The outer skin (hull) seems to go straight up and be trimmed flush with the top of the transom. forming its bond along the c. 3/4" vertical thickness of the bunched up glass and cloth of the liner.
So, to summarize, it seems the liner caps the hull skin everywhere except the transom where the reverse is true. Thus the green line is exposed to the side on the gunwale and on the top at the transom.
posted 03-01-2003 10:28 PM ET (US)
The mold that is used to build these hulls is not like your traditional single skin mold. You could say it is the Boston Whaler of boat molds. The male deck mold is placed over the female deck mold in such a way that the overlapping hull and deck laminates are sandwiched between the molds and the pressure of the foam. The molds are joined at, or just below the top edge of the gun'l. The overspray on the hull mold is folded back over the hull to form the 90 degree turn at the gun'l which Tom described.
Ever since I read the thread about CSW I have been trying to remember the purpose of the yellow poly rope that Tom found embedded in the hull. Could it be that the rope was there to keep the hull laminate from doubling back on itself prior to foaming?
The overspray on the deck gets sandwiched between the hull and deck molds when they are bolted together. This is the moustache that gets trimmed off after the molds are pried apart.
I hope this helps some it's hard to describe without a diagram and my memory just aint that sharp. Too much FG fumes I suppose.
|Tom W Clark||
posted 03-02-2003 02:34 AM ET (US)
The yellow polypropylene rope was there for the purpose of venting the air from the molds as the foam expanded. The polypropylene rope is no longer used. The aluminum conduit may still be used for this purpose.
posted 03-04-2003 07:06 PM ET (US)
have you ever had to seal up the transom edge of a whaler?
posted 03-05-2003 08:18 AM ET (US)
This image shows what we are talking about:
I would really like a good sketch of how the molds and layup are done. Can anyone send me one?
|Tom W Clark||
posted 03-05-2003 10:31 AM ET (US)
No, I have never repaired a weld failure. I have seen a few though. Just a couple weeks ago I was inspecting a 1981 Montauk that had lived a hard life in Alaska. This was a hull built to commercial specs as witnessed by it's red dot of gel coat on the sides.

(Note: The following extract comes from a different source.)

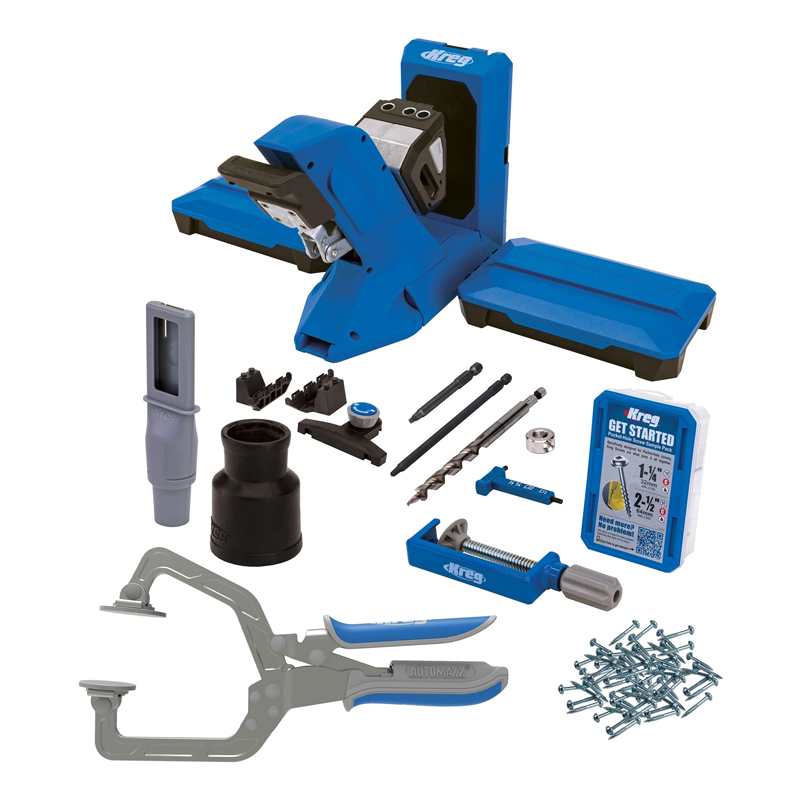 Kreg KPHJ720PRO-INT-21 Pocket Hole Jig Kit W/Wood Project Clamp - ToolsSavvy.ph Main image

Almost the entire transom weld had opened up and apparently been open for some time as somebody had tried to apply some gel coat patch paste and caulk in there to seal it up. The gap had widened even beyond where it was at the time of those repairs.
Presumably the weld had failed because the plywood in the transom has gotten wet and expanded. There was absolutely no movement of the fiberglass skins. The transom was rock solid, but the gap was as much as 1/4” in places.
doobee mentions Whaler having specific repair instructions for this type of failure. Does anybody have these instructions documented on paper? It might make a nice addition to the reference section.
My Friend John had an 1988 Outrage 18 that he bought in 1991. It had a minor weld failure to one side of his motor. It bothered him enough that he had it professionally repaired by a fiberglass shop. Somehow he got his insurance to pay for the repair and when he got it back you could not tell there was ever a problem.
Knowing what I now know, I would want to repair any transom weld failure ASAP and I would want to do it right and be done with it.
Can you be more specific about what sort of a diagram you want? Send me your FAX number and I’ll see what I can do.
posted 04-23-2003 04:28 PM ET (US)
It seems odd that BW would purposely leave a potential weak spot just to demonstrate how well built the boats are.
Sorta like drilling a hole in the hood of your Cadillac to show that the metal is galvanized.
posted 04-23-2003 09:35 PM ET (US)
It is not a potential weak spot. It runs all the way around the boat and never fails, except at the transom. The transom is the only part of the weld that includes a large piece of wood as a structural component, and with the engine pushing on it, the wood can act like a giant wedge, or pry bar, forcing the weld open.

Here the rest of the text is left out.